ET: Wow that sounds ambitious and like the architecture of some computer game, with levels, as we progress up the dimension ladder.
Your beginning seems influenced (in the poetic sense, cite Harold Bloom) by Edwin Abbott’s Flatland, a classic piece of satire, not a math book at all, but relied upon heavily by popularizers of what became Hilbert Space retrospectively i.e. the n-dimensional playground sandbox of ML and AI.
You follow the textbook grooves pretty closely through point, line, square, and cube but then veer off in going from cube to sphere, as in conventional university maths there’s no change in dimension when a cube morphs like that into a bowling ball i.e. the introduction of curvature doesn’t add a new dimension.
The door to higher dimensions in Hilbert Space is through adding more and more orthogonals, with the caveat being: you get to confess visualization becomes difficult beyond the first three.

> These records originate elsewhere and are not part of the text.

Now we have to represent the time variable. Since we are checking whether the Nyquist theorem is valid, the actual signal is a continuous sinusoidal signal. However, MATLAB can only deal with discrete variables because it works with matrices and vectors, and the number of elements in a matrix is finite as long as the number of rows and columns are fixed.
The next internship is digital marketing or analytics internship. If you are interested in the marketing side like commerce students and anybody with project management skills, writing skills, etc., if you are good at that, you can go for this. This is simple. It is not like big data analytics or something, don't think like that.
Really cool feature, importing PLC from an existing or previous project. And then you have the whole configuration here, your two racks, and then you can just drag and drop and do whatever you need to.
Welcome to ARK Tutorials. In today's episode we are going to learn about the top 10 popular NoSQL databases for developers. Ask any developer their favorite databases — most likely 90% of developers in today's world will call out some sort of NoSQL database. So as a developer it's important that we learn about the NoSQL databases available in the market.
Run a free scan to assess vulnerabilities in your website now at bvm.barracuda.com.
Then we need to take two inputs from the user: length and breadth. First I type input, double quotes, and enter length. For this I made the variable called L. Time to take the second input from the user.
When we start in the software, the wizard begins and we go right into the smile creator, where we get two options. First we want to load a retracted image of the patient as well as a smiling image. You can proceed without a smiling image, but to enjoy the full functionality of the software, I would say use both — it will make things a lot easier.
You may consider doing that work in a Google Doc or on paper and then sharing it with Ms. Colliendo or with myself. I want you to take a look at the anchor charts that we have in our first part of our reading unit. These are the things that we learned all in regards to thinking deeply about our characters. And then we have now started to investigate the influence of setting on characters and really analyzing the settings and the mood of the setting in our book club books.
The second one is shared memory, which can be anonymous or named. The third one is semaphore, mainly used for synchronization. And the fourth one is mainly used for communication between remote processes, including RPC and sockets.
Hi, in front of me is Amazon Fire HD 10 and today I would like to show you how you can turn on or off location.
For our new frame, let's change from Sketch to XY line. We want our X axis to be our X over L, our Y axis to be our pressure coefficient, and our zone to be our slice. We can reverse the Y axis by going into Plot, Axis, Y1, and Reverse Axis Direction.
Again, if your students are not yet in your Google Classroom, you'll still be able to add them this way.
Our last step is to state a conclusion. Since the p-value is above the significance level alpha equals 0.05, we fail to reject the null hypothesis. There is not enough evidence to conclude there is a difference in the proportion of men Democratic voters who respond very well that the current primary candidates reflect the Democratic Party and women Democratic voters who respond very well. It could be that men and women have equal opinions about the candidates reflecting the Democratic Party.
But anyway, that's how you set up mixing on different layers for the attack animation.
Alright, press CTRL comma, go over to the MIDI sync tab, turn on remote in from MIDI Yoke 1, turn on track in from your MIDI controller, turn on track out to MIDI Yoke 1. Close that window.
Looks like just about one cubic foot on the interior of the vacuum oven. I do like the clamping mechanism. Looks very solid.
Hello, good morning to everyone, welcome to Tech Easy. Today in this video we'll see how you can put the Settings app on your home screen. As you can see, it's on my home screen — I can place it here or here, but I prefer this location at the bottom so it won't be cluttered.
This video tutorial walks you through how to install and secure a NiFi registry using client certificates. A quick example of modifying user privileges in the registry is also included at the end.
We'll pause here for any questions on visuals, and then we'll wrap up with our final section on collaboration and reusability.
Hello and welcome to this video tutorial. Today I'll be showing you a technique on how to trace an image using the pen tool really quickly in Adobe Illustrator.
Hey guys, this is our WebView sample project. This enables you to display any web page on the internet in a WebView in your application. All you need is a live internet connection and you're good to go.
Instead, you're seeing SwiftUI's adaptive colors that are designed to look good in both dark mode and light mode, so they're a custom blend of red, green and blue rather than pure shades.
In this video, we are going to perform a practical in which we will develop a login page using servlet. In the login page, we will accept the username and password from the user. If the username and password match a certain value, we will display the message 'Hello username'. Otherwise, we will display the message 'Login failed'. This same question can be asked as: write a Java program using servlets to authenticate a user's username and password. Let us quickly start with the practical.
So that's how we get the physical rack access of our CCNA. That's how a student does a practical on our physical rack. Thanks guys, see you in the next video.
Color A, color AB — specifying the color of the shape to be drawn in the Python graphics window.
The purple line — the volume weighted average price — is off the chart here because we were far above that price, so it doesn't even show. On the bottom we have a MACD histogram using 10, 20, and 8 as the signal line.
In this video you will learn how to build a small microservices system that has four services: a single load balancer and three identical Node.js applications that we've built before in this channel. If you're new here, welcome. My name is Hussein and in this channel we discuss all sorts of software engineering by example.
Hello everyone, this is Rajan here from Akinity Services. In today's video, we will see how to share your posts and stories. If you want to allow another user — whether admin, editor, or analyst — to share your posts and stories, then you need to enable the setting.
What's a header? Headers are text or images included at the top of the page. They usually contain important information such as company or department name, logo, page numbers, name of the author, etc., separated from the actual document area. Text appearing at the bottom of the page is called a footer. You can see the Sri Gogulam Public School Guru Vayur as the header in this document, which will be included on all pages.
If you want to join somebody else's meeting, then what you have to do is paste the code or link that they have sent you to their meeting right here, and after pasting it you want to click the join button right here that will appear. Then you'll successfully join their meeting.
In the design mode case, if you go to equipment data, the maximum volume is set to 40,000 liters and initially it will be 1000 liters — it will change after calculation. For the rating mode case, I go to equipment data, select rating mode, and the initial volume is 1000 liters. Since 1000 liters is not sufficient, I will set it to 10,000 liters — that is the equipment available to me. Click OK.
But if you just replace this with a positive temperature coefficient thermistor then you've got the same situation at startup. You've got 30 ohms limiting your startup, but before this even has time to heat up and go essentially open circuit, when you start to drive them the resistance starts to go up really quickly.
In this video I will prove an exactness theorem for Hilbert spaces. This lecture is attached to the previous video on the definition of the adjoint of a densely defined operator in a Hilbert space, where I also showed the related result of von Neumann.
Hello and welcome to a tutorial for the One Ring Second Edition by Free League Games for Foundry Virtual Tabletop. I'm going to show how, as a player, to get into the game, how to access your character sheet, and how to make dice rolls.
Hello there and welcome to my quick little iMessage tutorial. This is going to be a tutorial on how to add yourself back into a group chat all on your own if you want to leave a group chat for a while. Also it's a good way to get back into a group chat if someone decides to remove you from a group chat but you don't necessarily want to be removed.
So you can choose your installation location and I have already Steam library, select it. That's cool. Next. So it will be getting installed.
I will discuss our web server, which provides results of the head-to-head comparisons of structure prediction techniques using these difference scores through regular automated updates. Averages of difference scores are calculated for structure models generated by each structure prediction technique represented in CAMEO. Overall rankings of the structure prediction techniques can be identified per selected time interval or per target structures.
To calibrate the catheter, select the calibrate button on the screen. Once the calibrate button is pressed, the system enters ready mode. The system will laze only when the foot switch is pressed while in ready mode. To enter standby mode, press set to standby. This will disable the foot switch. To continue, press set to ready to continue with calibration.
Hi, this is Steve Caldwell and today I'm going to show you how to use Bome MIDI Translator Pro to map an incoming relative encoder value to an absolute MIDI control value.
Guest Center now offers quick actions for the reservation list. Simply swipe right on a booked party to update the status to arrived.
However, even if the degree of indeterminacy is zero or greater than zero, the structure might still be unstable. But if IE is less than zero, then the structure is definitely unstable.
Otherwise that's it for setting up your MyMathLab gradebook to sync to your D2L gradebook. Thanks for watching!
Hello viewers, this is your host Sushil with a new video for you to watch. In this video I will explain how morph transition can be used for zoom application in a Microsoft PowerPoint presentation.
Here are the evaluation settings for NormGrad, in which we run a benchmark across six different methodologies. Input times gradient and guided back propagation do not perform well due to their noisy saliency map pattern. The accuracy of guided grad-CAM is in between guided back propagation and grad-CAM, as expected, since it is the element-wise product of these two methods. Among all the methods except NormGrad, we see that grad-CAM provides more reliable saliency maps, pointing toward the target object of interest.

But some high priests and gifted amateur mystics are able to witness said Hypercross, the Holy Tesseract.
Yes, the math goes kinda culty in this ‘hood, in terms of jargon, but in terms of analogy and metaphor it works well, as “Euclidean distance” keeps being meaningful no matter how many dimensions are involved, as does the notion of address adjacency.
N-dimensional sphere packing comes with an elegant algebra.
Those at home in Hilbert Space tend to do well economically. The metaphysical heritage of the British Empire. Except it’s French and German just as deeply. XYZ coordinates are quasi-universal, as is the scholastic consensus that “space is 3D”. Few ever fight City Hall on that one (Bucky an outlier for sure, and perhaps the best known of such mavericks).
Flatland concerns itself mainly with a sphere talking down to a circle as I recall. The circle gets a headache trying to imagine the space the sphere is in, whereas we readers consider the sphere’s space our home stomping ground — we have the opposite problem: imagining ourselves in an entirely flat world. Is this possible? I’ll admit it’s a challenge as the tendency is to “look down” on some squares-ville meaning we’re still in god’s eye mode and haven’t yet lost the 3rd dimension. Try again?
This little comic book has to be one of the most influential tracts ever published, right up there with the theses of Martin Luther.
I’m intrigued by your neutrality talk and in the background I’m thinking of “neutrality studies” a branch of “peace studies” which some colleges and universities have had a major in, although I don’t believe the genre “peace college” has anything to counter the well-established “war college” trope. My storyboard “schools for diplomats” might qualify someday.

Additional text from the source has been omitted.